Canadian Alex Decoteau was a standout runner and only 29 years old when he was killed in 1917 during the Great War, but his memory lives on through a new book by Gabriolian author Charlotte Cameron.
“His entire life was dramatic,” Cameron told the News Bulletin.
On Saturday (Nov. 8) Cameron will be speaking at the Gabriola library, where she will officially launch her book, Running: The Alex Decoteau Story, which has been published by Fictive Press.
The book is an extension of a one-act play of the same name that Cameron wrote in 2001, while she was living in Edmonton.
“There is a long introduction because a lot of different things happened before the play,” she said about the book.“After the play there are historic photographs, I think about 10 of Alex.”
Decoteau was born in 1887 on the Red Pheasant Reserve near Battleford, Sask.

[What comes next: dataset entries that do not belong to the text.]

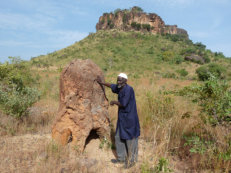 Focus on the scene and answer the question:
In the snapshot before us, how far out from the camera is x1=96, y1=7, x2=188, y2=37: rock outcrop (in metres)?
47.7

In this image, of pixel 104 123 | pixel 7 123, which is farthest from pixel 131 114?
pixel 7 123

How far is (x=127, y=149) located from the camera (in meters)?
3.36

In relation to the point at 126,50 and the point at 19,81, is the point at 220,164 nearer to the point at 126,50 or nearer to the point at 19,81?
the point at 19,81

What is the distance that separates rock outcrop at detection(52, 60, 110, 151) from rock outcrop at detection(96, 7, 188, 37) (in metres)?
46.4

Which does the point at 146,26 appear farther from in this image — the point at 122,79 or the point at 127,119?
the point at 127,119

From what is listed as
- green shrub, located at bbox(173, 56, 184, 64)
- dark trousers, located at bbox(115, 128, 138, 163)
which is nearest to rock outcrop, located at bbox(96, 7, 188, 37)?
green shrub, located at bbox(173, 56, 184, 64)

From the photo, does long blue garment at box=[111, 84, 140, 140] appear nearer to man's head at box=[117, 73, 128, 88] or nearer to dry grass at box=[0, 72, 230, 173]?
man's head at box=[117, 73, 128, 88]

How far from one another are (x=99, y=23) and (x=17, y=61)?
4933 centimetres

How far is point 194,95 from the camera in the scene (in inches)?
154

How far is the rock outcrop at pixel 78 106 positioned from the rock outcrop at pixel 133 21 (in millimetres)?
46355

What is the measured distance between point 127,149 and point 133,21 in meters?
49.0

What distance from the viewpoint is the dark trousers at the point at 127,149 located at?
3162 millimetres

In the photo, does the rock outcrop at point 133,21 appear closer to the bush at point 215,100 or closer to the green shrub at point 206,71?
the green shrub at point 206,71

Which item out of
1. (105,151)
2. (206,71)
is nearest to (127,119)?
(105,151) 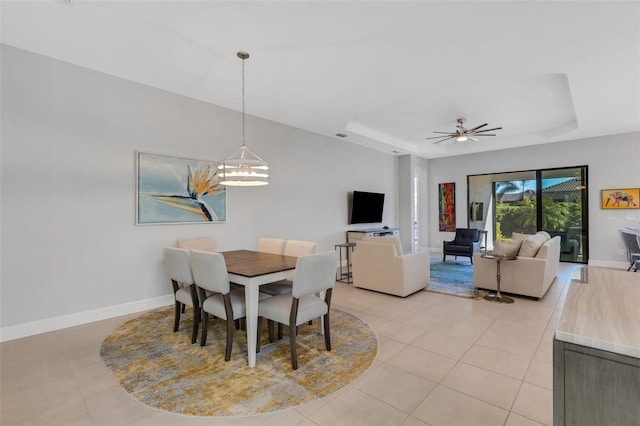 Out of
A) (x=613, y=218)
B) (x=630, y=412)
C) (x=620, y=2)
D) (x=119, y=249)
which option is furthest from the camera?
(x=613, y=218)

He eventually moved to Edmonton where he became Canada’s first Aboriginal police officer.
“His story is about having hopes and dreams,” Cameron said. “Like the dream of going to the Olympics in 1912 is a really good example of that.”
In 1912, Decoteau, who was Cree, participated as a runner in the Olympics in Stockholm.

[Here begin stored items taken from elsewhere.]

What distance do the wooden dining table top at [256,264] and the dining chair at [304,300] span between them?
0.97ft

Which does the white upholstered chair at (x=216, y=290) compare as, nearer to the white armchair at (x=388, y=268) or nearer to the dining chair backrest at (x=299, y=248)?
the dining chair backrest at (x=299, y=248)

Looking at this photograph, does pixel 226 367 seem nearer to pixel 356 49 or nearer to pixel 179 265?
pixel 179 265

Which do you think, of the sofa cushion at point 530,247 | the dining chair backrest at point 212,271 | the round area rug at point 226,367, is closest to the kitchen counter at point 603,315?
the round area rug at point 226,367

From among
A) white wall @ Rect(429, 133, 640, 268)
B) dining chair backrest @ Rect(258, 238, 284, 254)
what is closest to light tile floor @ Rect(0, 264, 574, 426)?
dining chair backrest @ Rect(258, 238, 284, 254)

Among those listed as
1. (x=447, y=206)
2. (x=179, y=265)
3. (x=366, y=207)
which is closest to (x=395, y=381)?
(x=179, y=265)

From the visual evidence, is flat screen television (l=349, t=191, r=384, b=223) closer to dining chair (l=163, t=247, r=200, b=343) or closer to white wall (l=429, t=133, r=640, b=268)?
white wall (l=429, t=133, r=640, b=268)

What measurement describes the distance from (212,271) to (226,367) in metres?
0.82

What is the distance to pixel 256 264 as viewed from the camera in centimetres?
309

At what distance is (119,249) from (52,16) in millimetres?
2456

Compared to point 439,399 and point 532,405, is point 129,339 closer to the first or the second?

Two years later, Decoteau joined the Canadian Army, where he was a private. According to Veterans Affairs Canada, that same year Decoteau was awarded King George V’s personal pocket watch after winning a five-mile race in England during a military sporting event.
In 1917, Decoteau was killed during the Battle of Passchendaele.
“He was running a message when he died,” Cameron said.
In the years following his death there have been a number of stories written about Decoteau’s life.
In 1967, Decoteau was inducted into Edmonton’s Sports Hall of Fame.